Whenever I suggested to Americans the probability that their long range of Southern coast was well suited for the culture of the olive, the suggestion was met with merriment. ‘There is no one in this country,’ they would say, ‘who looks fifteen or twenty years ahead’ (the time it takes for an olive tree to come into profitable bearing). ‘Everybody here supposes that long before so many years have expired he shall have sold his land very advantageously, or that his business will have taken him to some other part of the country, or that he shall have made his fortune and retired from business.’
The same objection does not lie against the culture of tea, for which the uplands of Georgia appeared well adapted.
Atlanta I thought the most flourishing place in the South. I saw several manufactories there, and much building was going on. It has 34,000 inhabitants. ‘Sir,’ said an Atlantan gentleman to me, ‘this place is bound to become great and prosperous, because it is the most central town of the Southern States.’ I suppose he had not yet been able to divest his mind of the idea that the Southern States formed a political unit, and must have a central capital.

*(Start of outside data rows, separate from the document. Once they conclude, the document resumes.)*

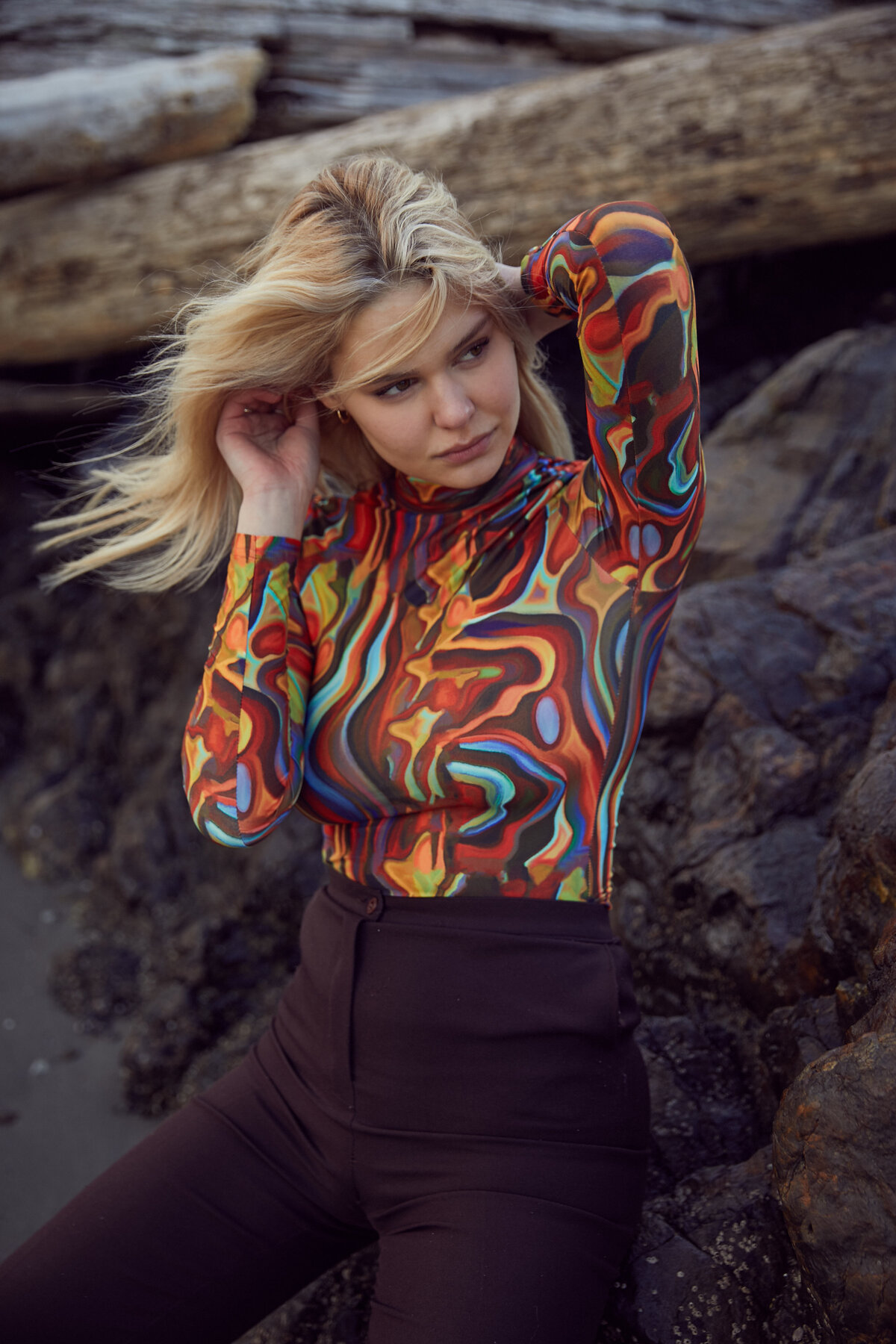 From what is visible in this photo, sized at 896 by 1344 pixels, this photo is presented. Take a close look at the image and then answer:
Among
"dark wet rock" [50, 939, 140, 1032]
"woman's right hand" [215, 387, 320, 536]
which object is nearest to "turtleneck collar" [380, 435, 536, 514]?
"woman's right hand" [215, 387, 320, 536]

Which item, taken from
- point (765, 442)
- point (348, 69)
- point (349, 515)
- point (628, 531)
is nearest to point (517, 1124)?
point (628, 531)

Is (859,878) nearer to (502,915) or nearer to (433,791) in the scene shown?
(502,915)

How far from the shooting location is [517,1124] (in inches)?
67.3

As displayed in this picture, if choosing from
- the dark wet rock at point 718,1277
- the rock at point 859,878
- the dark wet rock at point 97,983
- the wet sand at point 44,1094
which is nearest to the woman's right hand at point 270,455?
the rock at point 859,878

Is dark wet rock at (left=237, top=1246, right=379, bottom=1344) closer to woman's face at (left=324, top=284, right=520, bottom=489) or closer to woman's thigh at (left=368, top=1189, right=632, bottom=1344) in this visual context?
woman's thigh at (left=368, top=1189, right=632, bottom=1344)

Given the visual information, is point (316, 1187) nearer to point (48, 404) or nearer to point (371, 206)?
point (371, 206)

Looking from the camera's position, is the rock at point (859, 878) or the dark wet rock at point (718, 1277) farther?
the rock at point (859, 878)

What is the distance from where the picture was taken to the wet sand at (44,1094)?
127 inches

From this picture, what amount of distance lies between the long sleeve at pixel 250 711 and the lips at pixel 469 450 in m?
0.37

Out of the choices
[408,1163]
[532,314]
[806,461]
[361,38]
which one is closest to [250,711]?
[408,1163]

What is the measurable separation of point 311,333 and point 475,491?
447mm

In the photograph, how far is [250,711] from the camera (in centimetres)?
193

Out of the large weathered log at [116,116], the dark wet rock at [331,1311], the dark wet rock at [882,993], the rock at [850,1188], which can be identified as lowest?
the dark wet rock at [331,1311]

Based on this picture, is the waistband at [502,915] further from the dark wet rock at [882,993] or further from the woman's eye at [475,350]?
the woman's eye at [475,350] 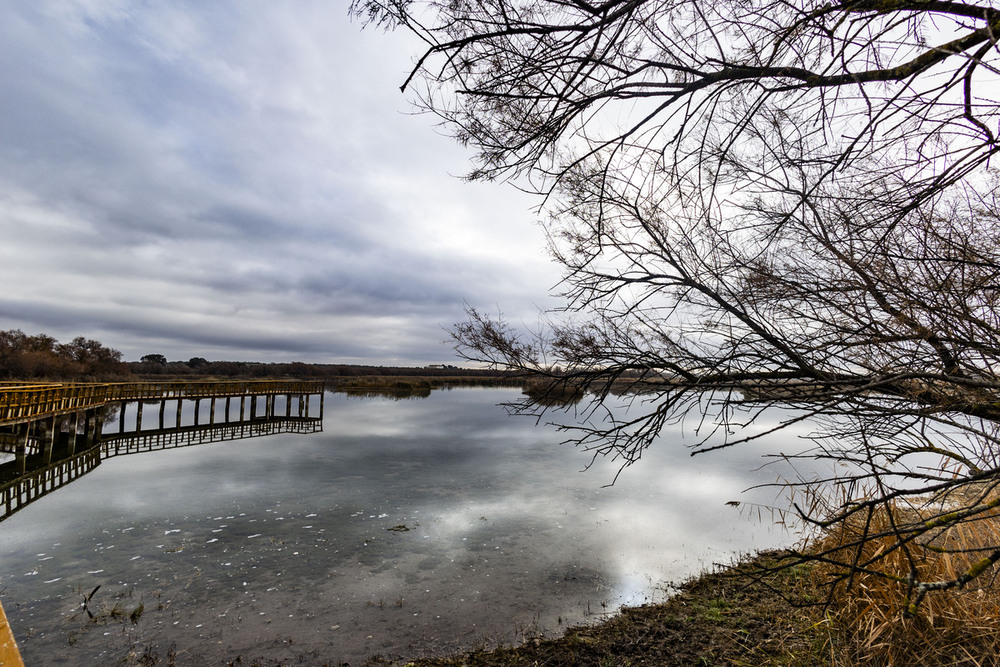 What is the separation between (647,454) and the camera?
27000 millimetres

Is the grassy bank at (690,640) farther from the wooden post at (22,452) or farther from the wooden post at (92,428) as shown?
the wooden post at (92,428)

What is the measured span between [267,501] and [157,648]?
30.9 ft

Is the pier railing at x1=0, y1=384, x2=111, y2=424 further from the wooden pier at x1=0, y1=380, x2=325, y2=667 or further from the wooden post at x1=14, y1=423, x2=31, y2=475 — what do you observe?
the wooden post at x1=14, y1=423, x2=31, y2=475

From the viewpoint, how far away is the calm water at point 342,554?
7102 mm

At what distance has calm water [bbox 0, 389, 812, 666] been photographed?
7.10 metres

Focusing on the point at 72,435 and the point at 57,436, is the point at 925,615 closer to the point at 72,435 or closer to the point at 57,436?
the point at 72,435

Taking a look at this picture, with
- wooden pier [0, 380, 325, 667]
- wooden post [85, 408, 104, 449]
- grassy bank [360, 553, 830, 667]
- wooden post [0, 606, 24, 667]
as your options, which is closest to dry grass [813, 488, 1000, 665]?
grassy bank [360, 553, 830, 667]

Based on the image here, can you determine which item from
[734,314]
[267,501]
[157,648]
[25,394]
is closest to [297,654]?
[157,648]

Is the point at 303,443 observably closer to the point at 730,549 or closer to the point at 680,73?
the point at 730,549

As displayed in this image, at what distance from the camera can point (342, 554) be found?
10586mm

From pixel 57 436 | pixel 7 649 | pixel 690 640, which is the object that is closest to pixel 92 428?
pixel 57 436

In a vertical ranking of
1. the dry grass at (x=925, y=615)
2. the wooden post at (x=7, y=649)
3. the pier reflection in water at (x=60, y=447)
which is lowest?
the pier reflection in water at (x=60, y=447)

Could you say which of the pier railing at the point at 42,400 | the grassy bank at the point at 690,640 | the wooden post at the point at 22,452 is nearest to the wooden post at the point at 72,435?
the pier railing at the point at 42,400

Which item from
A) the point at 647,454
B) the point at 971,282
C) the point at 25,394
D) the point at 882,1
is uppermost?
the point at 882,1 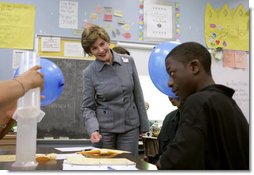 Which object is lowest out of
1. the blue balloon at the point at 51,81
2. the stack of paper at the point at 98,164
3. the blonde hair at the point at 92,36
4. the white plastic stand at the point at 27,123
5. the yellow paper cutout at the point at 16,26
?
the stack of paper at the point at 98,164

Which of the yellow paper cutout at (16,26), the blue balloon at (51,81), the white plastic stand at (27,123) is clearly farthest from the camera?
the yellow paper cutout at (16,26)

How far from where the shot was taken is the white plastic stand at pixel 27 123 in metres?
0.85

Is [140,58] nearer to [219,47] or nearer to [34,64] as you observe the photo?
[219,47]

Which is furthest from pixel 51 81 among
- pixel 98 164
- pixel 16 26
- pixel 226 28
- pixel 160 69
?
pixel 226 28

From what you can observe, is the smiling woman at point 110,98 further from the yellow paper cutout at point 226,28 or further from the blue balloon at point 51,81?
the yellow paper cutout at point 226,28

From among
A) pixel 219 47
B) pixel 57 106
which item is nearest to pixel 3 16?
pixel 57 106

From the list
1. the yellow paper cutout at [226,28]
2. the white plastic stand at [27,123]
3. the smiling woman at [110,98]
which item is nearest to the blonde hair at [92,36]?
the smiling woman at [110,98]

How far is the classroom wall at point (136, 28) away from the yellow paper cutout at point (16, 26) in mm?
54

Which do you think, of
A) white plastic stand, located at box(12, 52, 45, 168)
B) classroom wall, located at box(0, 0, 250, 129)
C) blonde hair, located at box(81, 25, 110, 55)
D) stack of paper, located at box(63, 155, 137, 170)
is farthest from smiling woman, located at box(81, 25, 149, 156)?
classroom wall, located at box(0, 0, 250, 129)

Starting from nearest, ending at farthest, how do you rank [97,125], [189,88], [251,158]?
[251,158], [189,88], [97,125]

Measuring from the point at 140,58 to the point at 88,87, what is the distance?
1.62m

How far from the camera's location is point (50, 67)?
1673 millimetres

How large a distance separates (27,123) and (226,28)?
317cm

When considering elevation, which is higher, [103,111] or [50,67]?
[50,67] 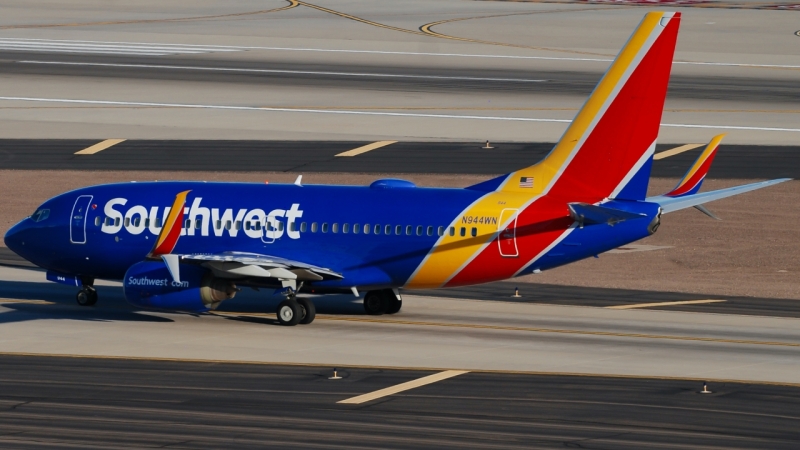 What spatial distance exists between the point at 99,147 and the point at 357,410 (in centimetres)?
4397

A Virginian’s Recollections of the War.
The cattle of the South must, during the winter, be among the most miserable of their kind. I saw nothing at all resembling what we call pastures; and if such institutions (in America everything is an institution, even the lift in an hotel) are known in the South, they can be of little use at that time of year, for every blade of grass in America is then withered and dry. The cattle appeared to be kept generally in the woods, and in the maize fields, where of course they could get nothing but the leaves that were hanging on the dead stems. In the North, where the dead grass is buried in snow, and the cattle therefore must be housed and kept on artificial food and grain, they are sufficiently well off; while their brethren in the South become the victims of a more beneficent climate.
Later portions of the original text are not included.